Dalbec 'happy' to help Sox win 5th straight

April 11th, 2021

Rookie was in a funk to start the season, but the Red Sox needed him to do something when it mattered most on Saturday night at Camden Yards.

There were runners at the corners with one out in the top of the ninth and his team down by a run and Dalbec needed to figure out a way to get that tying run home.

It started as simply as this: Dalbec reminded himself not to try to do too much.

“Which is what I've been doing and why I’m scuffling,” Dalbec said after his pivotal yet subtle contribution to a wild, 6-4 victory in 10 innings by the Red Sox over the Orioles.

The powerful corner infielder didn’t do what he is likely to do many times in his career and hit one into the cheap seats. He didn’t even hit one to the warning track for a sacrifice fly.

Instead, Dalbec managed to get bat to ball with an 85.9-mph grounder to shortstop. And then the man listed as 6-foot-4 and 227 pounds put in motion his legs with a sprint speed of 28.8 feet per second and got to first in 4.5 seconds, per Statcast.
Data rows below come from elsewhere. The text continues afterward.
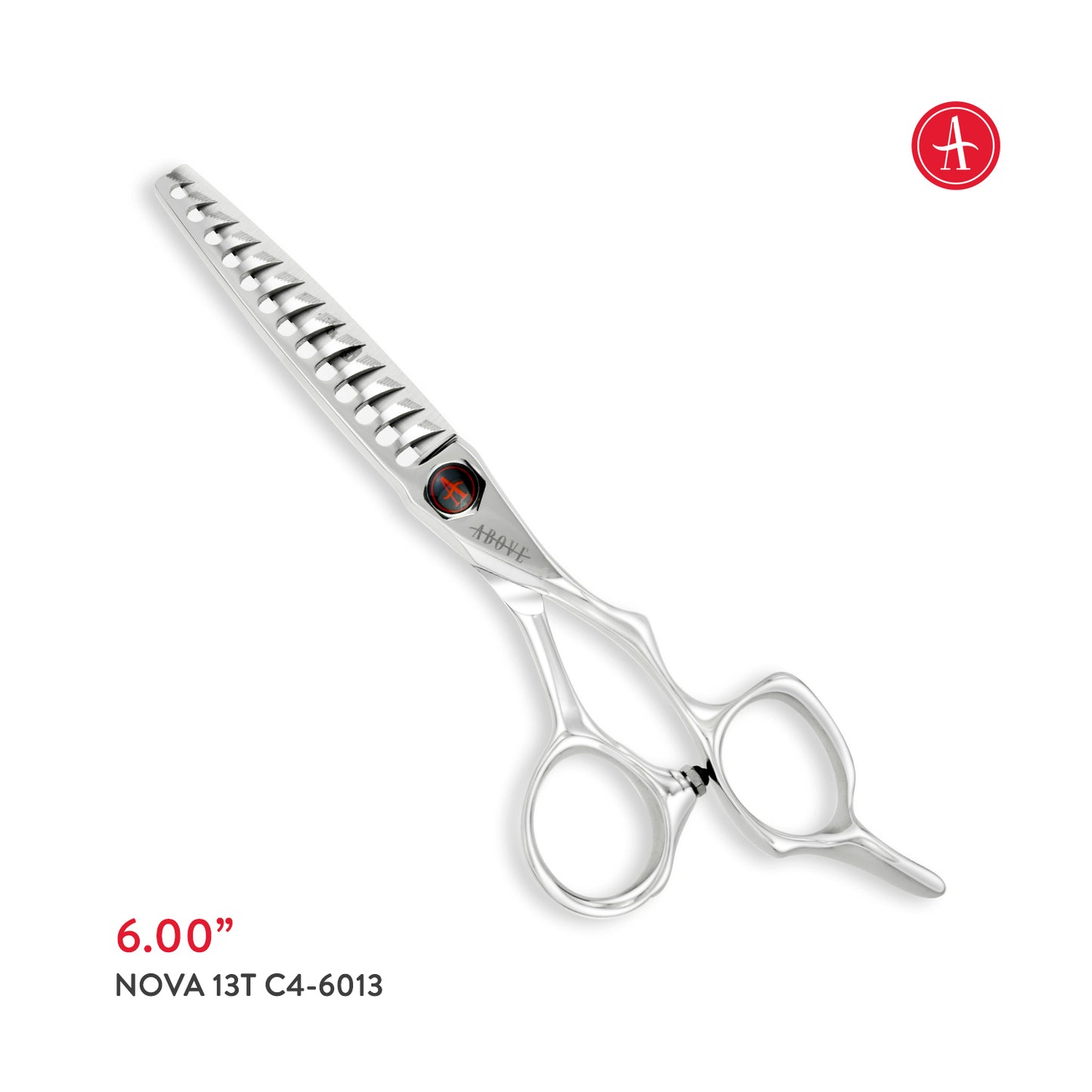 Above Nova 13T Teexturizing Shear 6"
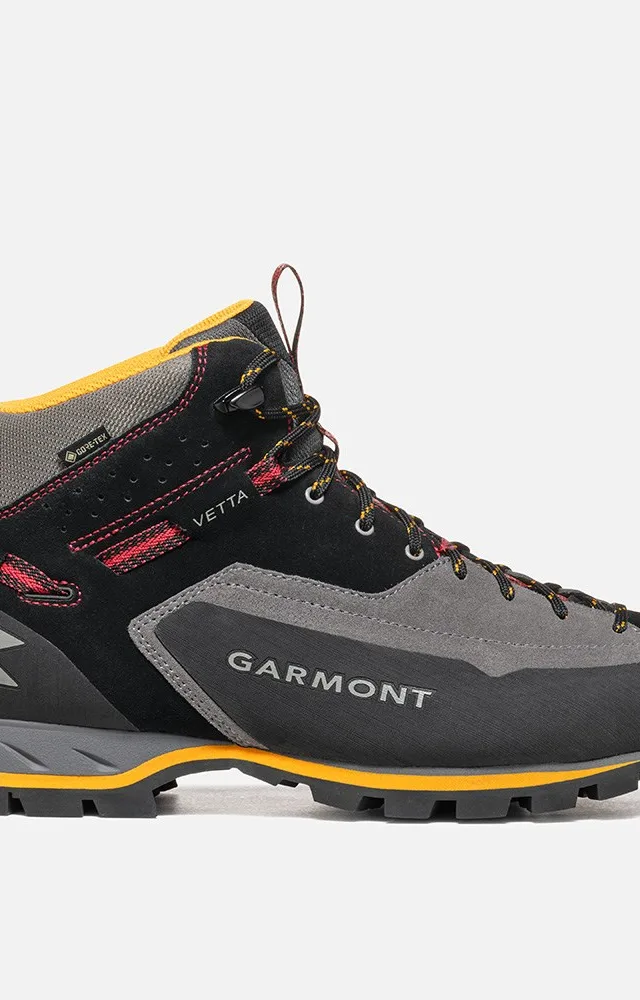 Approach Shoes Garmont Vetta Evo GTX - Black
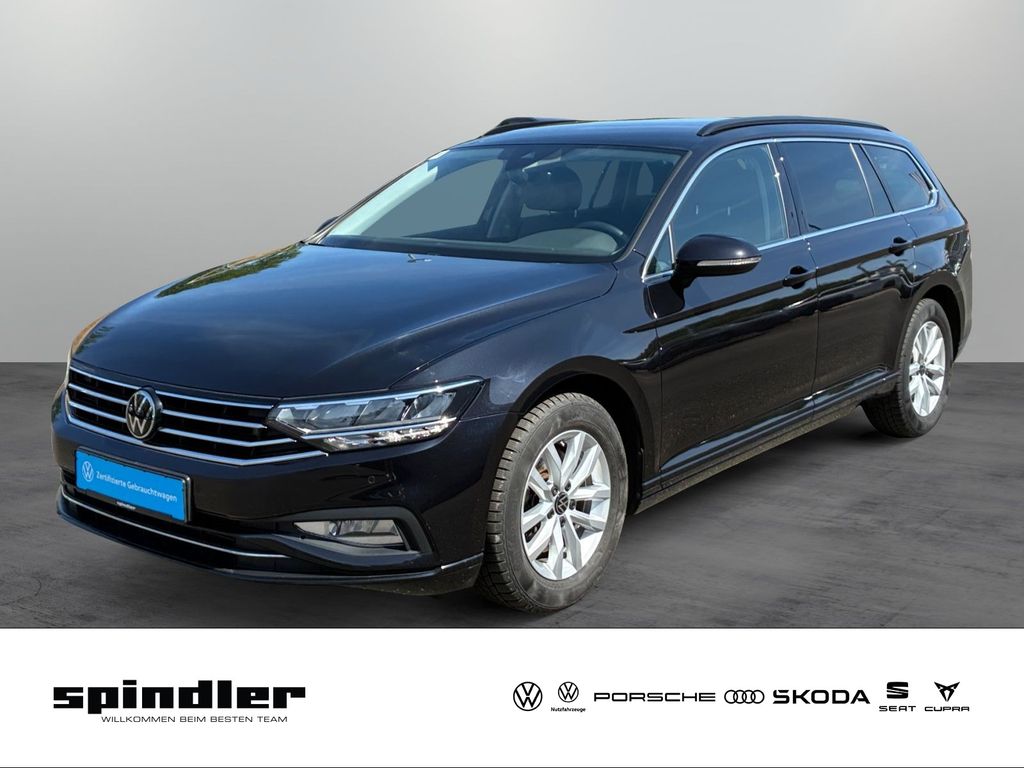 Passat Variant Business 1.5 TSI DSG / Navi, AHK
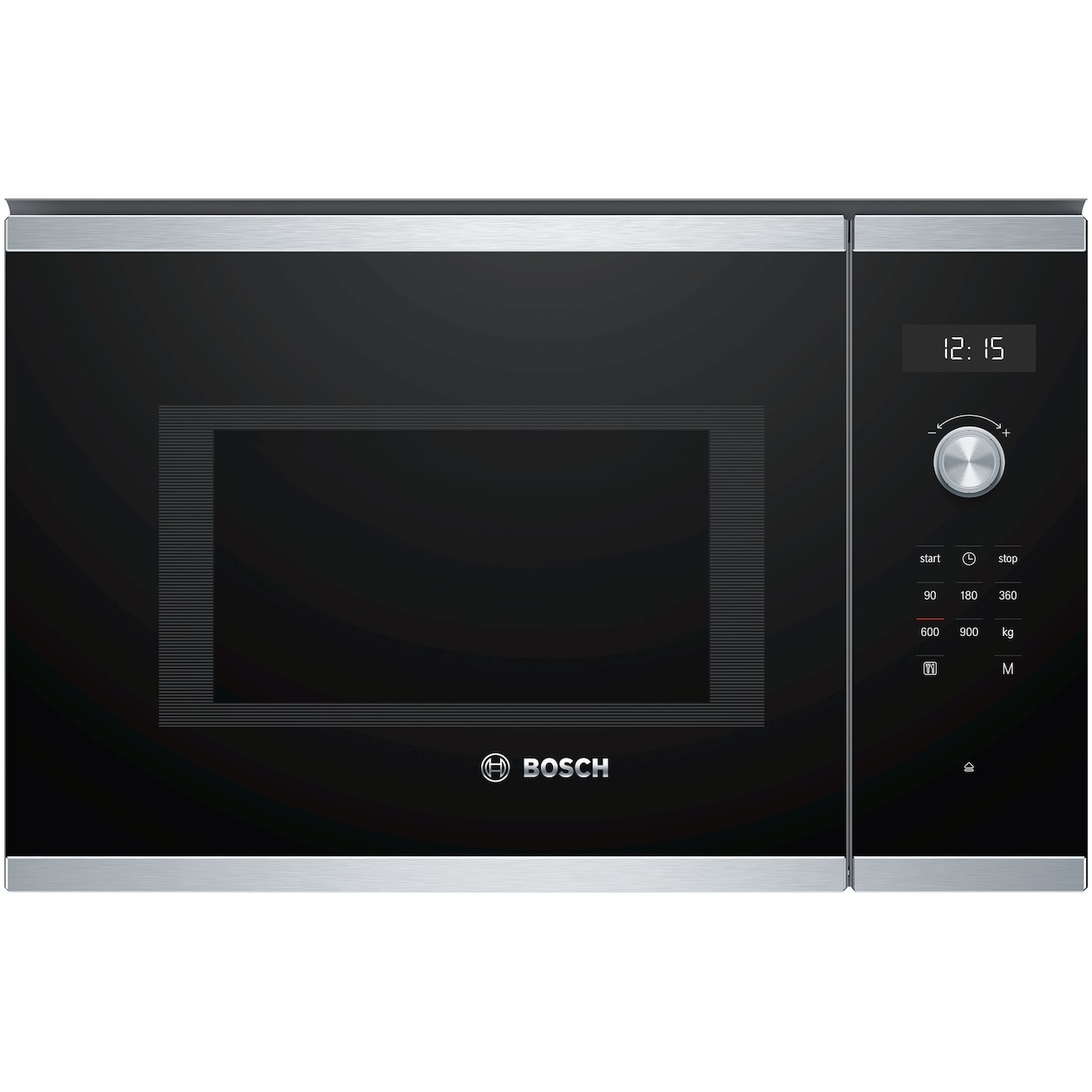 Bosch BFL554MS0 Inbouw solo magnetron Grijs | Bosch
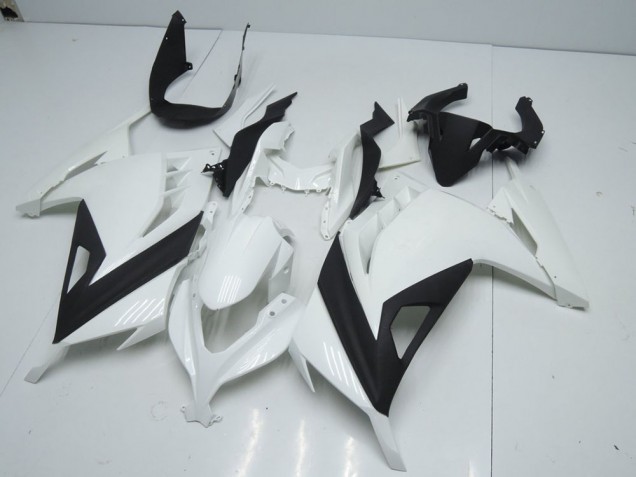 Unbemalt Kawasaki ZX 300R 2013-2016 Verkleidungen Unbemalt Kawasaki ZX 300R 2013-2016 Verkleidungen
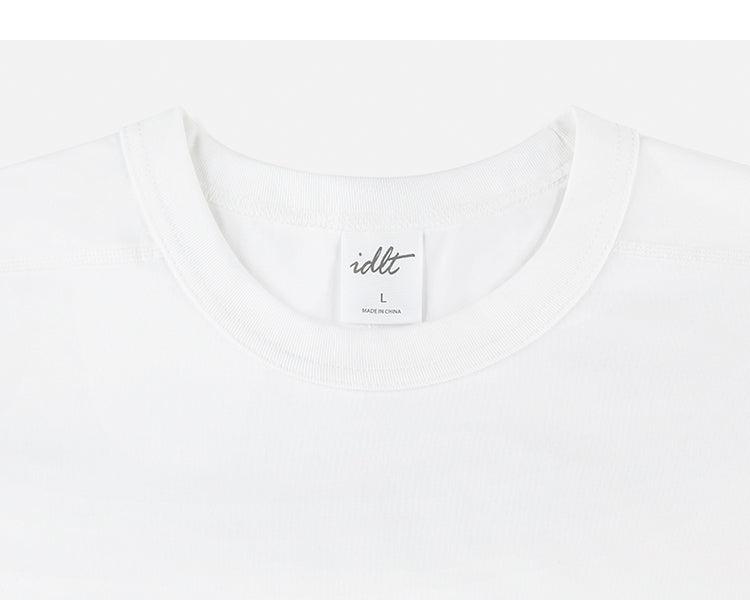 Three-dimensional Solona T-shirt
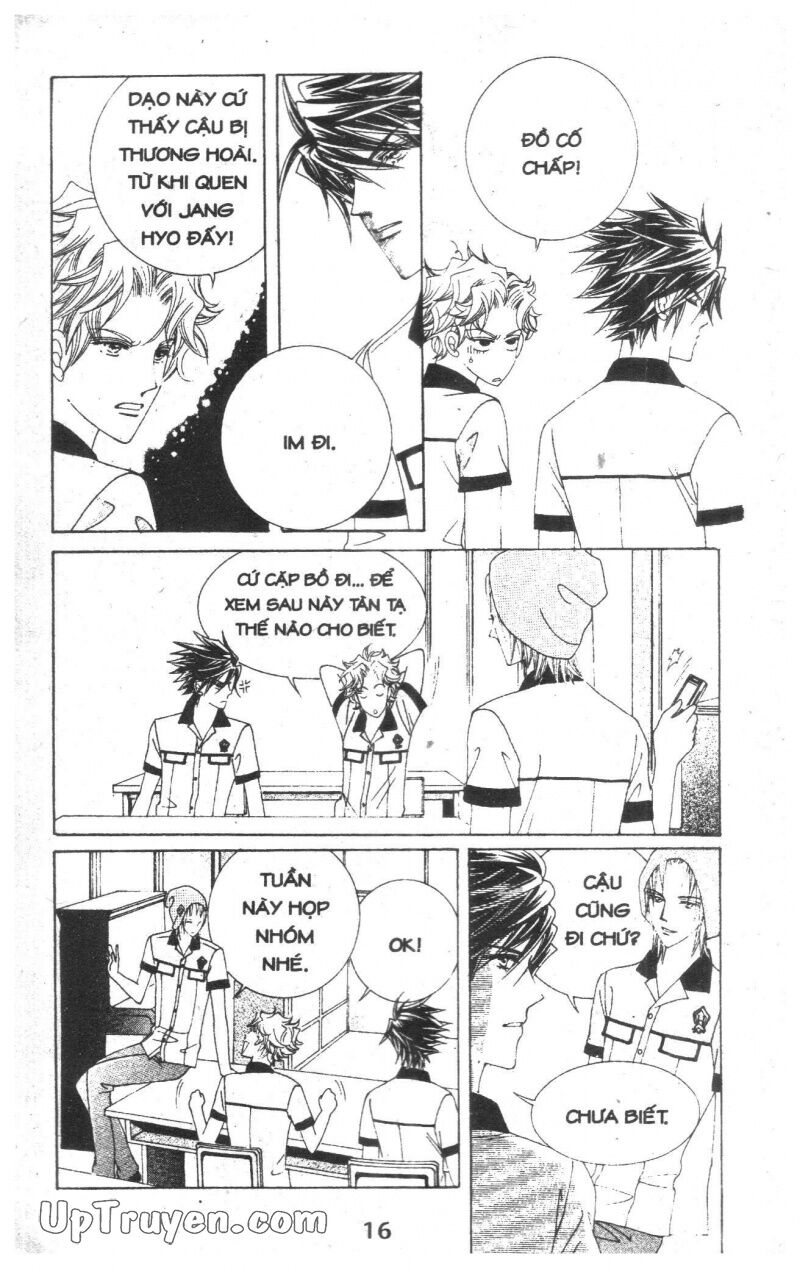 Dạ Khúc: Chapter 15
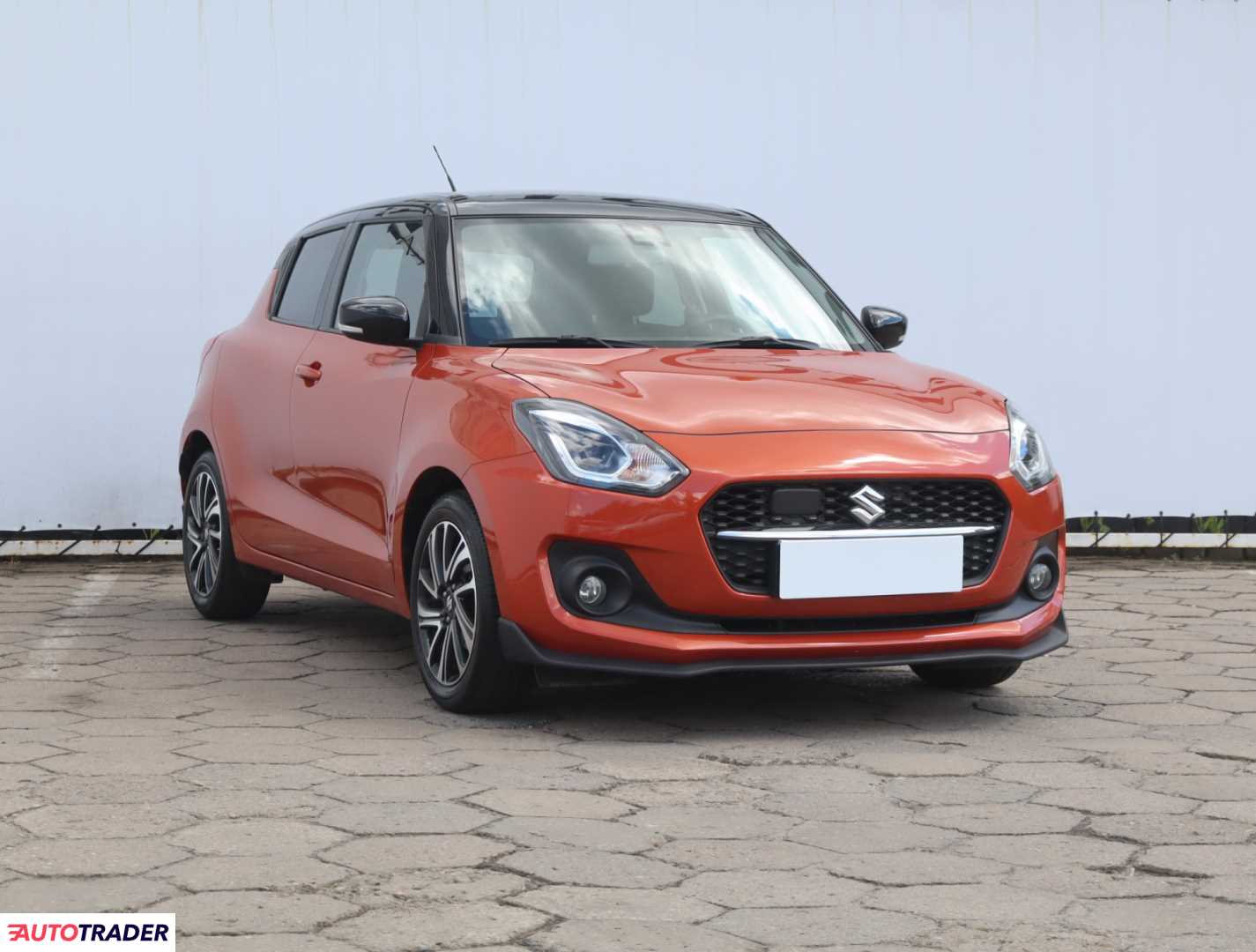 Suzuki Swift 2021 1.2 81 KM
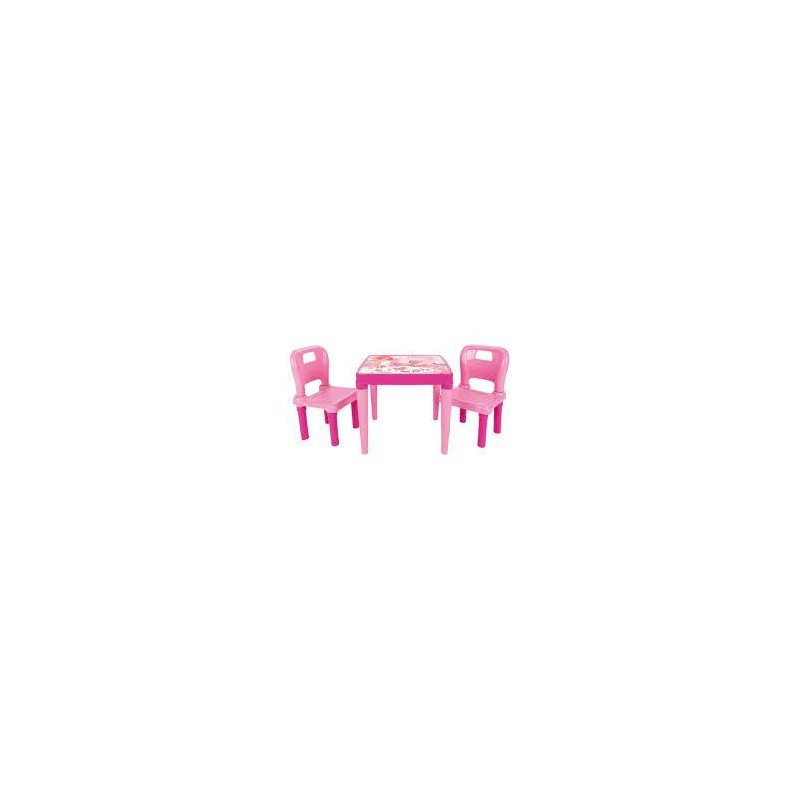 HOBBYSTUDIO TAVOLO ROSA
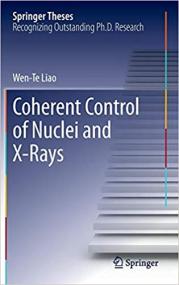 Coherent Control of Nuclei and X-Rays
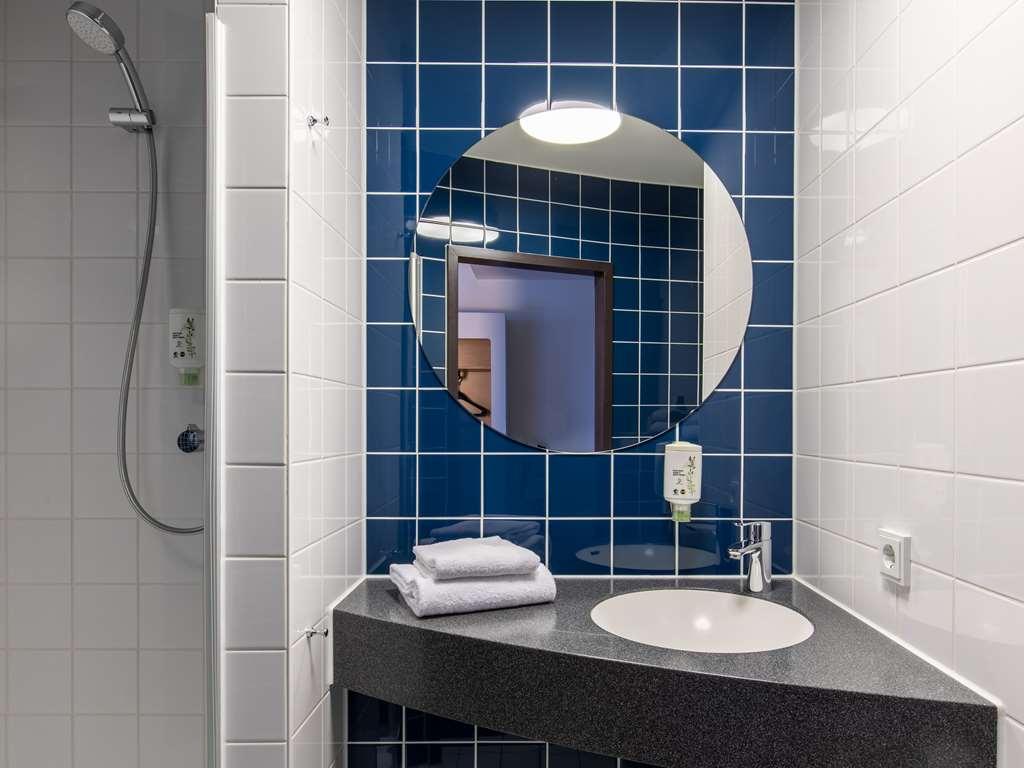 B&B Hotel Hamburg City-Ost Hamburgo Quarto foto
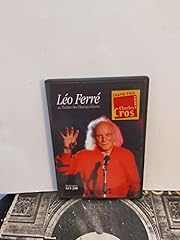 Léo ferré théâtre d'occasion  Livré partout en France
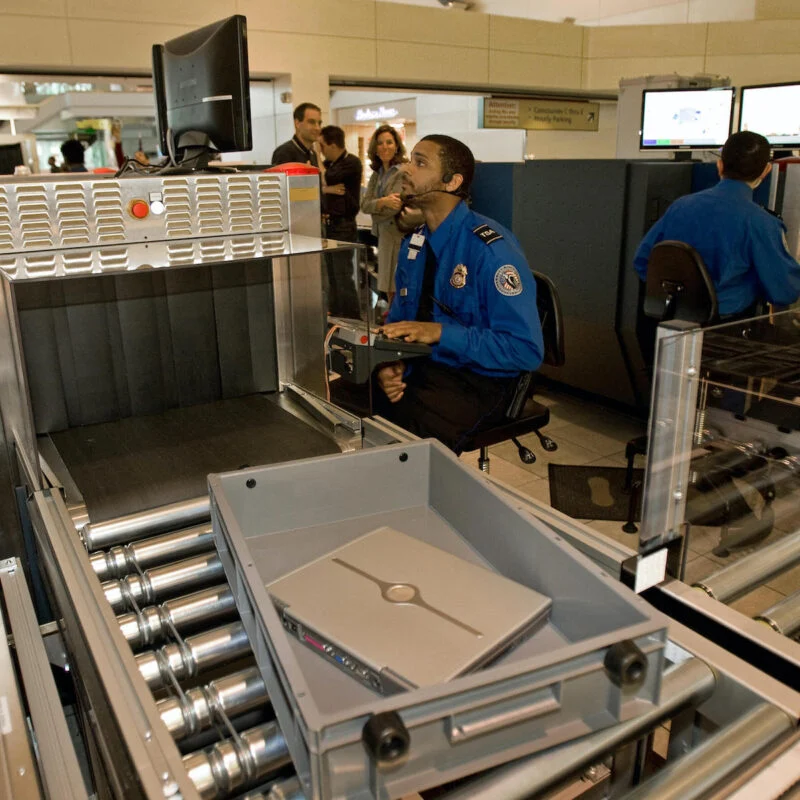新的TSA扫描仪将会使得乘客能够随身携带更多的物品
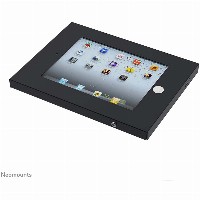 Diebstahlsichere Tablet-Halterung für 9.7" iPad/ iPad Air-Tablets (VESA 100x100mm) 10KG IPAD2N-UN20BLACK Neomounts
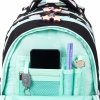 PUSHEEN PASTEL KOMPLET 4elem. MAJEWSKI DLA DZIEWCZYNY PLECAK KOT KOTKI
It was just fast enough to avoid a game-ending double play and, instead, tied the game.

Shortstop Freddy Galvis actually made a nice play to get to the ball and swiftly flipped to second. But Dalbec didn’t see any of that. He put his head down and ran for survival.

Did he think he could beat it out?

“Yeah, I did. As soon as I hit it, I was just flying,” Dalbec said. “[Well], flying for me. But yeah, I knew that’s a big-time run there, obviously, and I was trying to leg it out.”

As far as stat lines go, fielder’s choice groundouts are never going to enhance them. But Dalbec, Boston’s No. 3 prospect, per MLB Pipeline, did muster his first RBI of the season.

Though his season-opening slash line is .095/.174/.095, Dalbec could walk away from Saturday’s game knowing he did something to help his team extend its winning streak to five games after an 0-3 start.

“Yeah, I mean the hits will come,” Dalbec said. “I'm happy to get an RBI there and put the team in position to win the game, so that's what I'm thinking about. I’m not worried about if I’m gonna get a hit on it. I’m just trying to help the team win whether it's defensively, hustling or anything like that.”

For a manager in Alex Cora, who preaches situational hitting as much as or more than any of his counterparts, he was appreciative of his first baseman finding a way to keep the team in the game.

“It’s big,” Cora said. “Those are the situations we talk about, right? Making contact. We felt it was a good matchup for him down in the zone. He hit that ball hard. Galvis, that was a nice play out of the shift, and for him to put the ball in play and hustle and get to first, that was huge. He’s a little bit down, obviously. He’s not swinging the bat the way he’s capable of, but he took some tough changeups and then put one in play and good things happened.”

Good vibrations
After that ignominious start to the season in which they were swept by these same Orioles at Fenway, the Red Sox will try to return the favor on Sunday and run their winning streak to six games.

Meanwhile, a feeling is developing that was never present in the 24-36 disaster that was 2020.

“It’s a good vibe,” Cora said. “We’ve got a bunch of good baseball players. That’s the way I see it. I know a lot of people don’t feel like we’ve got superstars, but I like my bunch. It’s a good baseball team. They did everything right. We played that extra-inning rule the way we wanted to, and we got the W.”

Aside from Adam Ottavino turning a 3-2 Boston lead into a 4-3 deficit in the bottom of the eighth, this was a satisfying night for the Red Sox.

Matt Barnes was electric again in the ninth and Matt Andriese worked the 10th for his eighth career save.

Starter Garrett Richards, who was rocked over two-plus innings in his Boston debut on Easter, rebounded nicely after giving up back-to-back homers in the bottom of the first on Saturday.

The righty didn’t give up any other runs over five innings. It was Richards who said after the loss that dropped the Sox to 0-3 that it was “kind of an early panic button.”

The Red Sox are 5-0 since he said that and there is no sense of panic now.

“I don’t feel like I was wrong,” Richards said. “We’re trying to win every single game. I don’t think anybody denies that. The games we lost early on weren't for a lack of effort. But now we’re simply playing clean baseball, from pitching to hitting to being in the field. We’re vibing with each other right now.”